#### [WHAT IS REQUIRED]
Your output should repeat each record below with no differences.

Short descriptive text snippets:
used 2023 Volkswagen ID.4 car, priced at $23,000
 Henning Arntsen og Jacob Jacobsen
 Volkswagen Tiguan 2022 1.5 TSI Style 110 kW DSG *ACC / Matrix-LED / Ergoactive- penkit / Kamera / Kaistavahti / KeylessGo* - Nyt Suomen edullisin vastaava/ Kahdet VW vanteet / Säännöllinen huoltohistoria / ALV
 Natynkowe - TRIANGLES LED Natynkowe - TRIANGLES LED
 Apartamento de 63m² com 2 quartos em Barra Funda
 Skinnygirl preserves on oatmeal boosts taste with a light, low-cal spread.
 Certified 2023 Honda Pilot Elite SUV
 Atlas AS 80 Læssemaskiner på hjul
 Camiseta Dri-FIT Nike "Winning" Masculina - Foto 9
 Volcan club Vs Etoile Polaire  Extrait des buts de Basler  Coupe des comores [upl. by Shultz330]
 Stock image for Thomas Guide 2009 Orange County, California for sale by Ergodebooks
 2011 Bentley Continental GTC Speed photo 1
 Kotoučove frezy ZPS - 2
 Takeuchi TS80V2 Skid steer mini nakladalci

#### [SOLUTION TO THIS PROBLEM]
used 2023 Volkswagen ID.4 car, priced at $23,000
 Henning Arntsen og Jacob Jacobsen
 Volkswagen Tiguan 2022 1.5 TSI Style 110 kW DSG *ACC / Matrix-LED / Ergoactive- penkit / Kamera / Kaistavahti / KeylessGo* - Nyt Suomen edullisin vastaava/ Kahdet VW vanteet / Säännöllinen huoltohistoria / ALV
 Natynkowe - TRIANGLES LED Natynkowe - TRIANGLES LED
 Apartamento de 63m² com 2 quartos em Barra Funda
 Skinnygirl preserves on oatmeal boosts taste with a light, low-cal spread.
 Certified 2023 Honda Pilot Elite SUV
 Atlas AS 80 Læssemaskiner på hjul
 Camiseta Dri-FIT Nike "Winning" Masculina - Foto 9
 Volcan club Vs Etoile Polaire  Extrait des buts de Basler  Coupe des comores [upl. by Shultz330]
 Stock image for Thomas Guide 2009 Orange County, California for sale by Ergodebooks
 2011 Bentley Continental GTC Speed photo 1
 Kotoučove frezy ZPS - 2
 Takeuchi TS80V2 Skid steer mini nakladalci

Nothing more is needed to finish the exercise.